Wife Jan is just getting over the flu and she wanted “real” food, but was concerned about moving too fast off of a bland diet. Stir-fries are infinitely variable—What do you have? What do you need? What blend of sauces would go with these decisions. Today’s answers were cod, Shanghai bok choy, napa cabbage, and shiitake mushrooms, and a few green onion tops—flavorful, but easy to digest. For the sauce, I decided on a base of oyster sauce with soy sauce, and a bit of ginger —avoiding my usual addition of chili garlic sauce.
Note: While I used cod, this recipe will work with any firm white fish.
Karl’s Fish Stir-Fry
¼ cup oyster sauce
2 Tbs. soy sauce
1 Tbs. fresh ginger, shredded
¼ cup water
1 lb. cod, cut into 1 inch pieces
½ tsp. Kosher salt
1 Tbs. corn starch
3 Tbs. peanut or vegetable oil, separate uses
2 shiitake mushrooms, shredded
1 Shanghai bok choy, cut into 1 inch pieces, stalks and greens kept separately
½ cup napa cabbage, shredded
2 green onions, tops only cut into 1 inch pieces
1. Measure the sauce ingredients into a small cup and set it aside.
Tip: Always prepare your stir-fry sauce before you start, because once you start cooking there is no time to measure anything.
Note: Of course, if you are a “fly by the seat of your pants” type of person you can say, “Measuring spoons? We do need no measuring spoons!”
2. Pat the fish dry with a paper towel and sprinkle the salt and corn starch over it.
Tip: Toss the fish to completely coat the fish cubes with the cornstarch.
Note: You will be pre-frying the fish, before stir-frying the vegetables. The corn starch helps keep the pieces of fish intact, rather than flaking into small bits in your dish as you cook it.
3. Heat two tablespoons of oil in a large sauté pan, over medium high heat, and add the fish cubes.
4. Cook the fish for 1-2 minutes per side and then remove them to a bowl.
Tip: You want to be careful not to overcook the fish. Do not fry the fish so long that the cornstarch coating browns.
5. Wipe the pan clean and add the remaining oil.
6. When the oil is hot add the mushrooms and fry them for one minute.
Tip: You want the mushrooms to be well browned on the first side.
7. Flip the mushrooms over and add the bok choy stalks.
8. Leave the stalks alone to fry for two minutes.
Tip: This is to give the mushrooms time to brown on the second side and to give the thick stalks a jump start, before adding the leafy vegetables.
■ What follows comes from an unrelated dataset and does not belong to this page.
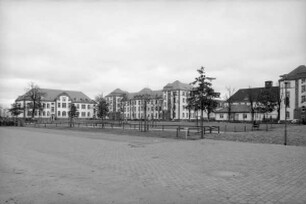 Sachgesamtheit Hessen-Homburg-Kaserne; Hanau, Hessen-Homburg-Platz 1, Hessen-Homburg-Platz 9, Hessen-Homburg-Platz 8, Hessen-Homburg-Platz 7, Hessen-Homburg-Platz 5, Hessen-Homburg-Platz 4, Hessen-Homburg-Platz 3, Hessen-Homburg-Platz 2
9. Add the bok choy green and cabbage to the pan and start stir-frying, for 2-3 minutes.
10. Return the fish to the pan and add the green onions.
11. Continue stir-frying for another minutes.
12. Add the sauce to the pan and toss to coat the fish and vegetables.
Tip: The corn starch on the fish will quickly thicken the sauce.
13. Serve immediately over steamed rice.